Fe-Mn-Al-C-N轻质不锈钢的化合物相及耐蚀性能研究

发布时间：2018-05-21 16:31

本文选题：Fe-Mn-Al-C-N轻质不锈钢 + 化合物相　；参考：《重庆大学》2016年硕士论文

【摘要】：不锈钢轻量化在车辆、船舶、潜艇和航空等领域有着巨大的应用前景,传统的铬不锈钢不能完全满足现在交通工具发展需要。目前正研究的Fe-Mn-Al系轻质不锈钢因耐蚀性较传统铬不锈钢差,机械性能也没充分发挥,还未能走向实用,廉价的合金元素氮能同时提高钢的耐蚀性和强度、硬度、耐磨性等机械性能,但目前有关含氮轻质不锈钢的研究和应用不多。

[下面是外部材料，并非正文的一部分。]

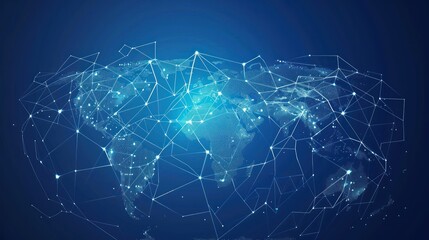 Fototapeta premium Capture the essence of global collaboration with a dynamic stock photo showcasing a world map vector formed by an intricate network of interconnected dots and points.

另外,Fe-Mn-Al-C-N轻质不锈钢中化合物相种类繁多,目前有关这类钢中化合物相的种类和析出规律还不清楚,研究其化合物相析出规律显得尤为必要。本文在文献分析的基础上,根据理论计算和前人研究设计出了一种Fe-9%Mn-15%Al-0.65%C-0.2%N轻质不锈钢;用25KG感应炉冶炼制备出了19KG Fe-8.37%Mn-15.97%Al-0.65%C-0.2%N轻质不锈钢钢锭,结合热力学计算和实验测试,较系统地研究了Fe-Mn-Al-C-N不锈钢中化合物相的析出规律,热力学参数和分布,利用酸浸实验、盐雾实验和电化学实验测试其耐蚀性能并分析其耐蚀机理,并且测试其密度。研究结果如下:冶炼后的Fe-Mn-Al-C-N轻质不锈钢,无宏观缺陷,含铝15.97%、锰8.37%,成分差异的主要原因是熔炼时氮化锰铁加入分解速度过快,导致钢液沸腾漫出;Fe-Mn-Al-C-N五元体系中,可能形成的化合物相种类繁复;XRD研究结果显示Fe-Mn-Al-C-N轻质不锈钢铸态物相主要有:铁素体、AlMn和Fe Al金属间化合物、Mn4N和AlN氮化物;利用已有液态钢液热力学数据计算Fe-Mn-Al-C-N轻质不锈钢熔点约1420℃,AlN较Fe3C在钢液中优先析出;利用Miedema模型和周国治模型计算固态Fe-Mn-Al-C-N五元系中Fe Al和Mn4N生成温度分别为1210℃和1072℃;Fe-Mn-Al-C-N轻质不锈钢热分析结果,1410℃是其熔化点,较前面计算1420℃相差不大;Fe Al生成温度是1260℃,与前面计算1210℃接近;1031℃是Mn4N生成温度,与计算的1075℃接近;实验中由于缺少AlMn热力学数据,没有利用Miedema计算其析出温度,但结合文献分析AlMn的析出温度为934℃;600℃为Fe-Mn-Al-C-N轻质不锈钢奥氏体化温度;金相显微镜下观察Fe-Mn-Al-C-N轻质不锈钢铸态组织发现:本次冶炼钢种无宏观缺陷;化合物相在基体上呈蠕虫状,并且主要在晶界处连网分布;结合扫描电子显微镜能谱分析,第二相中含有富锰相;结合文献分析基体晶界处白亮的多边形第二相为AlN,其他相分布暂时没有确定;排水法测得Fe-Mn-Al-C-N轻质不锈钢密度为6.91g/cm2,较3Cr13不锈钢的密度7.82g/cm2降低了12%,密度有了很大的降低,用铝代替铬确实起到了轻量化的效果;浓硝酸浸泡实验,盐雾实验和极化曲线测试结果表明:Fe-Mn-Al-C-N轻质不锈钢具有一定耐蚀性,但稍差于3Cr13不锈钢,主要原因是Fe-Mn-Al-C-N轻质不锈钢化合物相连网分布;Fe-Mn-Al-C-N轻质不锈钢耐蚀性的提高主要依赖Al形成致密氧化膜和N形成铵根钝化钢表面;但是由于含铝金属间化合物形成导致第二相与基体形成原电池,Al失去电子溶于溶液加速钢腐蚀速度,Al失去原有形成致密氧化膜的作用;要提高钢的耐蚀性能,必须减少钢中化合物相的量,控制其形态和尺寸,防止其连网析出。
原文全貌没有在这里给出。